How many of you here when you were younger secretly stayed up late at night to play, watch television, or something else? Perhaps you did that little routine where you peered down the hall, and then you whispered to you sister or your brother, “I think there asleep.” Then after thinking they were asleep, then maybe you would get out the comic books, the video games, or turn the television on, but not too loud to wake mom of course. Does this sound familiar to anyone?
Any of you here ever do something like this, or has anyone here ever lied to your parents about where you were, and then it blew up in your face? Perhaps you accidentally got stranded somewhere, perhaps you got into some trouble, and needed help. In times such as these, we then want our loving parents or family to come in and save the day don’t we?

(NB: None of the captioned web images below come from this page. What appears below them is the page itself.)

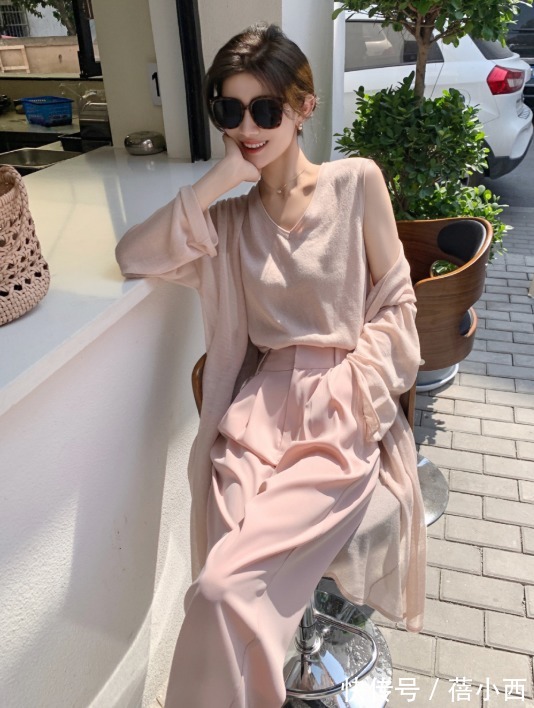 韩系|秋天想穿得时髦不费力?建议参考韩系小姐姐的造型,温柔有质感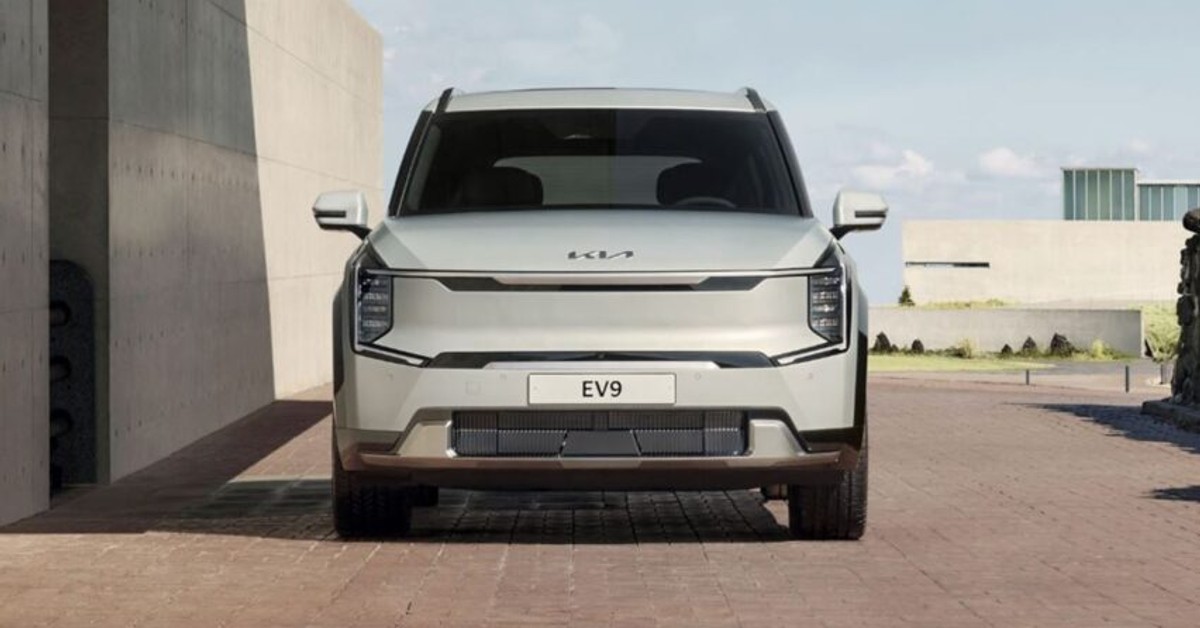 Kia EV9 and Telluride Win 2025 Kelley Blue Book Best Buy Awards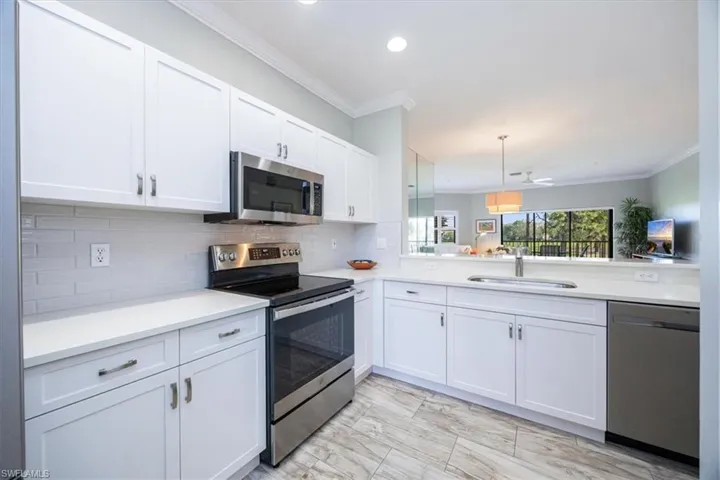 200  Vintage  CIR, Naples, FL 34119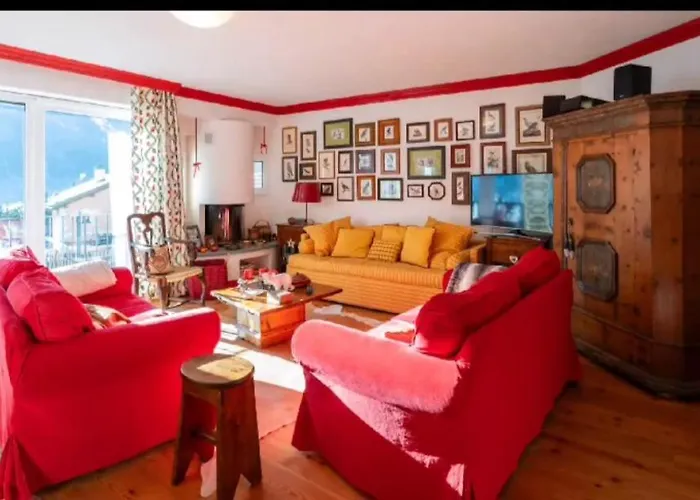 Beautiful Red, La Punt Chamues - Engadin Daire Ponte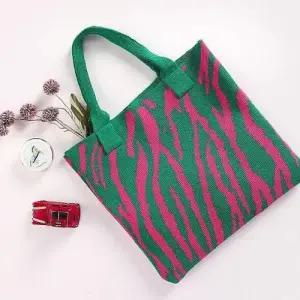 지브라패턴 니트 토트백 여성 데일리 에코가방 WE67212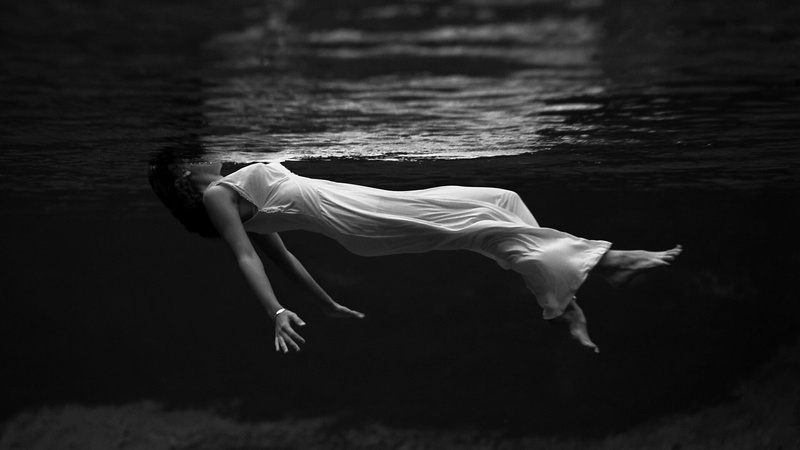 brunette, clothing, full length, The Chemical Brothers, water, white clothing, barefoot, side view, dress, Lana Del Rey, one person, floating on water
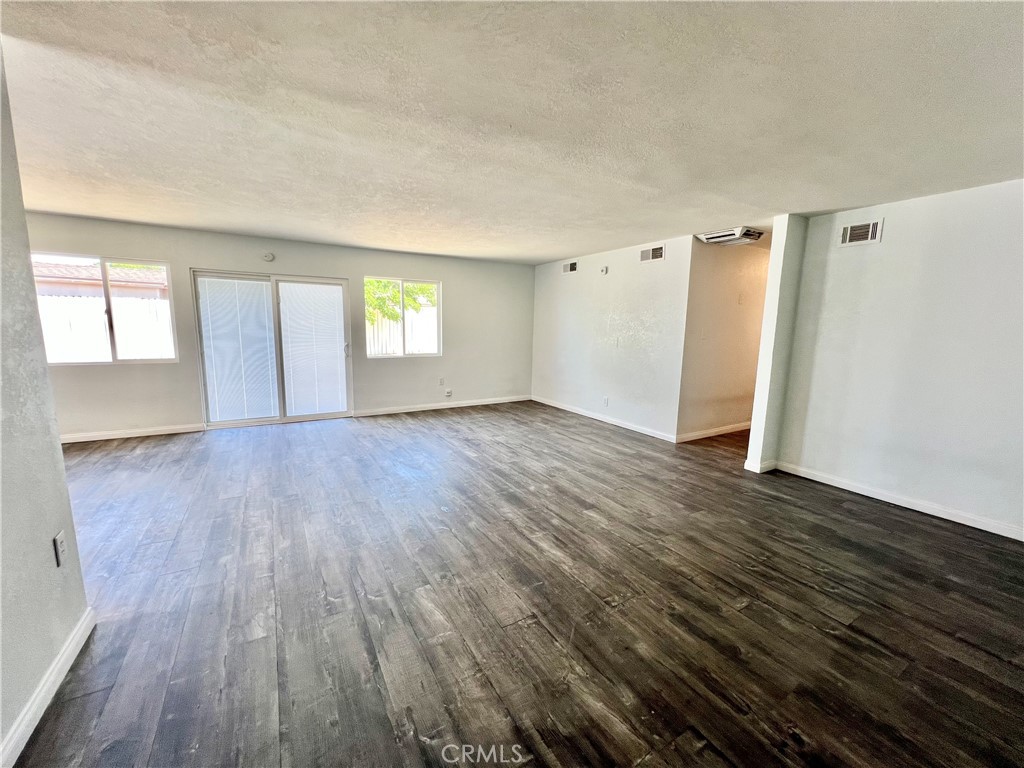 https://media.crmls.org/medias/b7927a16-9eda-46d2-baaa-fc872fab155d.jpg?preset=X-Large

Today, Jesus Christ, the savior of the world ascends into heaven. For me then, I can imagine the small talk that might have occurred after Jesus Christ went up to be with the Father on this day. Did one disciple ask, “What do we do now?” Perhaps one said, “Maybe we can just do whatever we want, now that the Lord is gone?” Some of you may have heard the quote, “When the cats are away, the mice will play.”
Imagine having Jesus with you in the flesh for three years, during which time he performs countless miracles, changes the world, and conquers death. After conquering death, he then appears to his disciples for forty-days, before ascending to heaven.
I have heard young people say when something extreme occurs, “It just got real!” Maybe a young person has to give a speech in front of their school class, and they are fine with giving this speech, until it is there turn to actually speak. All of the sudden there hands are sweating, there heart is pounding, as the reality of what they have to do, “Just got real!”
So while this day is significant in remembering the ascension of Jesus Christ into heaven, it is also significant in that the early church, the apostles, and all the disciples were now without the Lord in the flesh. Jesus of course promised that he would send the Holy Spirit to further embolden the faith of his early followers. Next Sunday, on Pentecost Sunday we celebrate this occurrence, this miracle of the Holy Spirit descending upon the early church, and filling them with fire and conviction. Due to this, we traditionally wear red on Pentecost Sunday, to symbolize the fire of the Holy Spirit.
So while the church will truly be born next Sunday, on this Sunday the disciples are now without Jesus Christ, in the flesh. “It just real!” In that moment of Jesus ascending, I wonder, did any of them panic and think, “I can’t do this Christian thing without Jesus!”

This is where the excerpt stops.